New framing and lining
Stage 5. Make the shower stand
- Time to start the rebuilding.
- Because the waste pipes were in the side wall (as opposed to under the floor), we had to make a raised shower stand to accommodate the shower waste.
- The stand consisted of 6″ x 2″ (150mm 50mm) joists and a 3/4″ (20mm) thick plywood floor. The joists had to be arranged in such a way as to allow the waste pipes to be positioned to suit the shower tray.
- The stand floor was then fixed on top of the joists with a hole positioned to align over the shower waste.
- The position of the shower waste and the hole in the stand floor was determined by the hole in the shower tray.
Stage 6. Install the shower tray
- The shower tray was glued to the stand floor and left weighted-down overnight to give the glue a chance to set.
Note: The hole in the shower tray should be aligned with the hole in the stand floor and it should be an easy task to connect the waste to the shower tray.

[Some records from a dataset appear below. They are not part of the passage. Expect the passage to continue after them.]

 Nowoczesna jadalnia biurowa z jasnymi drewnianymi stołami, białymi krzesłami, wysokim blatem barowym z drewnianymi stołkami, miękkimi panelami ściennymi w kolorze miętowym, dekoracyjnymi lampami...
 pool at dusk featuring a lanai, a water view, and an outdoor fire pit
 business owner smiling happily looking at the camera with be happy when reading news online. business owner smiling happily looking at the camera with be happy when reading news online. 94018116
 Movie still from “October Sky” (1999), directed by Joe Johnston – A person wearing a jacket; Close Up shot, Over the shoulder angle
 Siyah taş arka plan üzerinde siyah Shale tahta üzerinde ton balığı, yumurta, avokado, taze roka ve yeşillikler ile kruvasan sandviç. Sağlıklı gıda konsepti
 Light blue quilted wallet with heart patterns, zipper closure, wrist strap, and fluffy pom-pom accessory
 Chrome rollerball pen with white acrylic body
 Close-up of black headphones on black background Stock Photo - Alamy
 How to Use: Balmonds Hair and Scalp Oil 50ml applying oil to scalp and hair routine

- Shower trays come in varying sizes, shapes, up-stands, and hole positioning.
Stage 7. Insulation and up with the new wall and ceiling linings
Note: Now is the time to get the electrician in to do any wiring in the framework if you need to change existing lights and/or power points, or add additional ones.

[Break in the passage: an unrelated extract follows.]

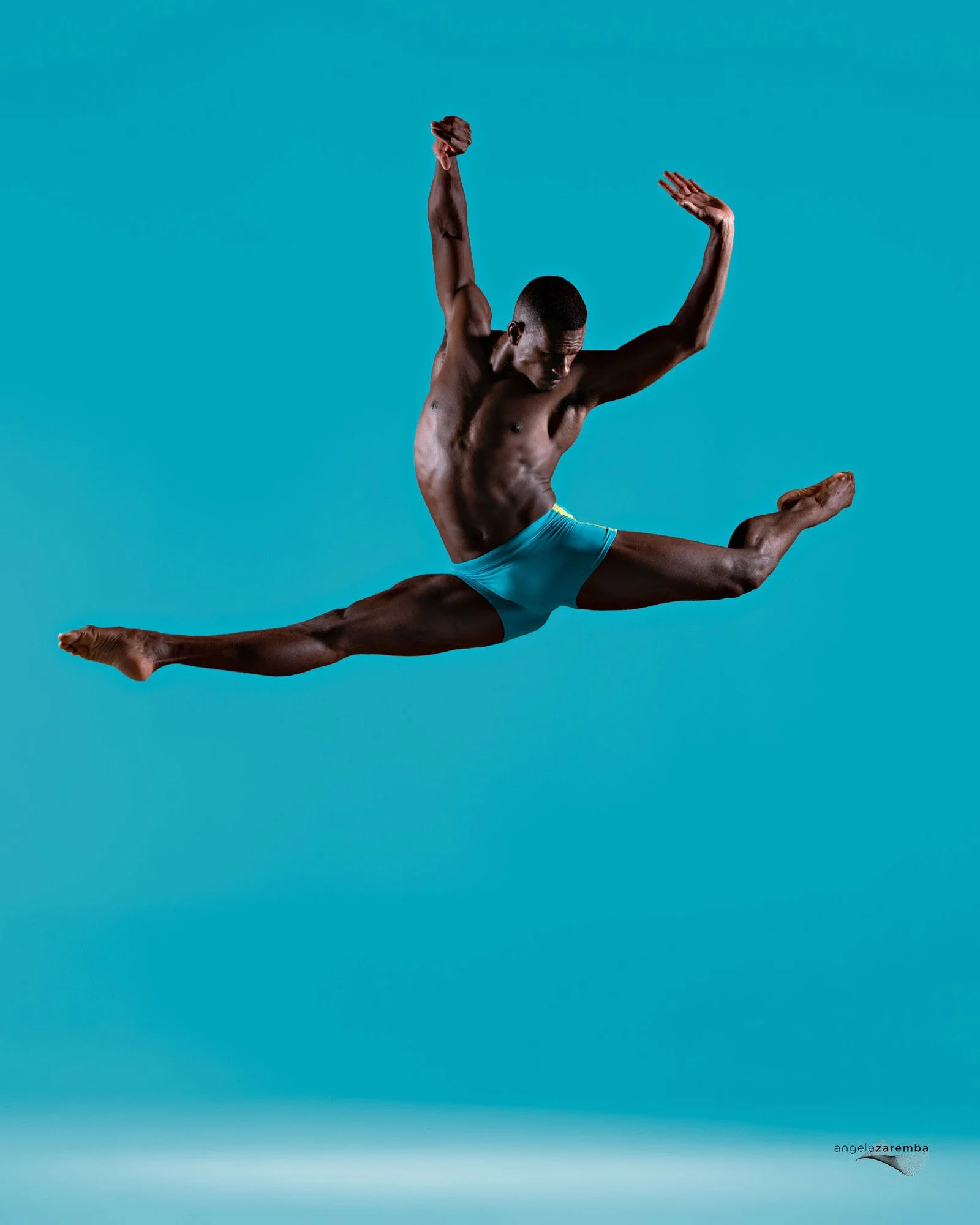A male gymnast in mid-air performing a split leap with arms raised and legs extended against a solid light blue background.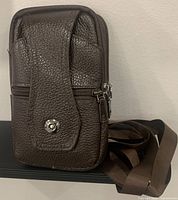 Front view of the genuine brown leather phone waist bag with visible snap button on front flap pocket and adjustable strap coiled beside.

- In goes the insulation, and up goes the wall and ceiling linings.
- The lining should be suitable for a bathroom, and able to withstand the moisture it will encounter.
- In this case, it was a type of plasterboard treated for such areas.
Tiling, plastering, and painting
Stage 8. Floor smoothed and tiles down
- We found the concrete floor a bit rough and uneven once we lifted the original tiles, so we first had to level the floor.
- That was made easy with a self-levelling concrete compound. Basically it was just a matter of mixing the compound with water (as per instructions on the bag) and making a very wet mix, and then pouring it over the floor.
Note: The wet self-levelling concrete compound finds its own level. No need for any smoothing. Just pour it on top of the existing concrete and wait till it sets and dries.
- When the floor was nice and dry, we laid the ceramic tiles.
Stage 9. Shower lining fixed and walls plastered
- We then prepared the plastic shower lining, i.e., cut the holes for the fittings, and then glued the lining to the walls.
- Then the finishing trim was added.
- Then we plastered the rest of the walls and ceiling.
- Once the plaster had dried (a day or two later), a good sanding was needed in preparation for the painting.
Stage 10. Paint before everything goes in
- Time for the painting.
- We figured that it would be best to paint everything now before all the other units and shower screens were installed, which meant that we wouldn’t have to be so fussy about slopping paint everywhere.
- Basically, the only thing the needed a protective cover-sheet was the floor. The shower tray and lining already had a thin plastic film over them.
Fitting the units and finishing
Stage 11. Fit the shower screen and doors
- The shower screen and shower doors were fitted.
Note: Fitting instructions generally come with most similar type shower units.
- This particular unit comprised of two side panels and two curved doors that opened from the middle and slid in a curved motion to each side.
Stage 12. Fit the toilet and vanity
- In went the toilet and vanity.
- As all the painting had already been done, every little addition was getting closer to the finish of the bathroom.
- It’s now getting towards the most exciting stages – all the hard work coming to fruition.
Stage 13. Have the plumber hook up the pipes
- O.K., everything’s pretty much installed.
- Now’s the time to have the plumber pop back and connect the pipes to the fittings (taps etc.) and get the water running.
- Also time to get the electrician back and get the power working.
Stage 14. Done!
There you go.
A mirror, some blinds and a few personal things, and its all done.